Today I got an email from my sister-in-law. One of Norman's older brothers, Talbot (Tab for short) had just died.

Tab was ninety last month. He's had Alzheimers for several years now, and in April was bad enough that the decision had to be made to put him in a nursing home. (The woman from the home came to get an intake interview, talked with my SIL's SIL, walked across the street to meet Tab, and they found him on the floor after a fall).

Tab was an editor at Addison Wesley. His wife had died a few years before. We hadn't known how sick she was, because he had never told anyone. He was like that. Intensely private, and unwilling to be a burden on anyone.

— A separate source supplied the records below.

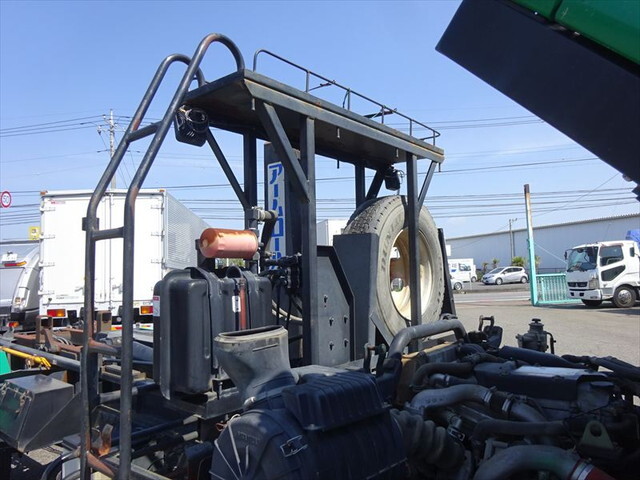 いすゞフォワードコンテナ専用車中型（4t）[写真34]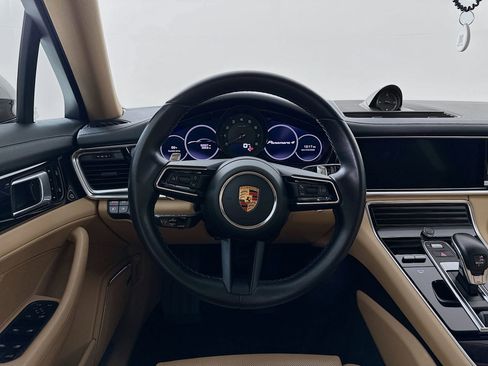 Used 2021 Porsche Panamera 4 image 25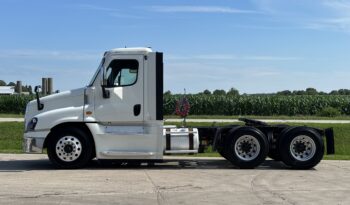 2016 Freightliner Cascadia 125 full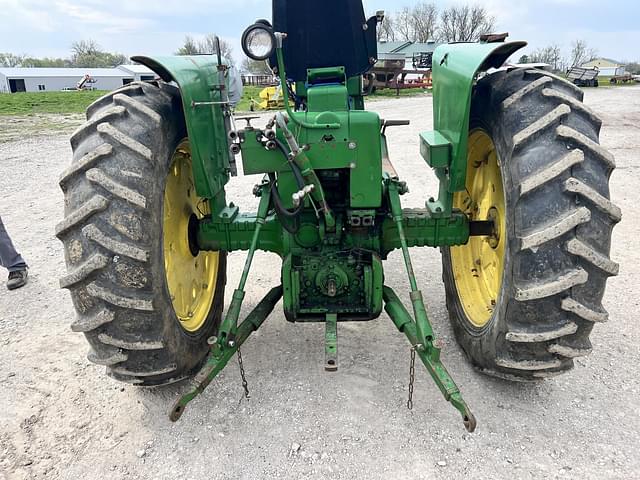 Image of John Deere 3010 equipment image 2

Tab and Allison married during WWII. She was a teacher, and they didn't tell anyone they were married for quite a while, because (everyone sitting down? Nothing in your mouth?) it was illegal, in her school district, for female teachers to be married. They didn't even tell the family. Not even Tab's twin brother (who also has Alzheimers, and who had to enter a facility several years ago).

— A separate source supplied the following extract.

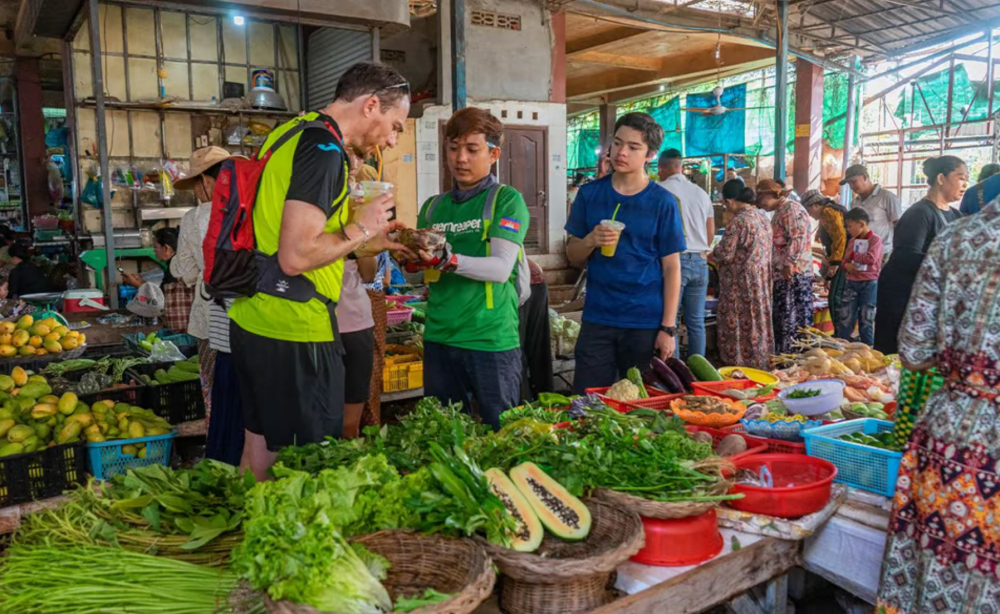 Phnom Penh Morning Foodie & Market Tour by Tuk Tuk | ®ExcursionMania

He spent his last few years in the care of SamandEve. (Sam is my SIL's brother, Eve is his wife, and they come as a pair. Thankfully). While Tab was still living in Wellesley Eve would create meals for him, freeze them in single serving containers, and take them over. Thirty or forty meals at a single time. They talked him into buying the house across from them; two bedrooms, living room, dining area, kitchen, extra room across from kitchen, all-season porch, three season porch, screened porch and deck. Views out across the marshes, a glimpse of the Atlantic, ospreys flying overhead. He spent his last few years under their eye.

A few months after Tab finally moved, and his house had been emptied, a group of teenagers celebrating four days of no-school overshot a turn, and their car landed in Tab's old front door. They weren't hurt, but we were always relieved that he wasn't there.

Tab was gentle, quiet, kind, and intelligent. He was a quiet part of the family, and louder voices often caused his words to be lost. In the days when he was still working he could display a sharp wit, and great knowledge. (I suppose you don't get to be a textbook editor without learning a lot). But I want to remember him; his gentleness and his courtesy.

I suspect Wilfred, the twin, will not last much longer. He's been in very bad shape for a long time. And, unlike most twins, Wilfred and Tab didn't get along very well, and they rarely saw each other. When they did meet it was mostly due to Sam, who loved both of them. And when they met after having been apart for several years, they both showed up in the exact same kind of raincoat; a black and white check. A standard Londdon Fog or Burberry or something like that we could understand. But how many people go out and buy black and white checked raincoats?

Good night, Tab. May you rest easy, at last.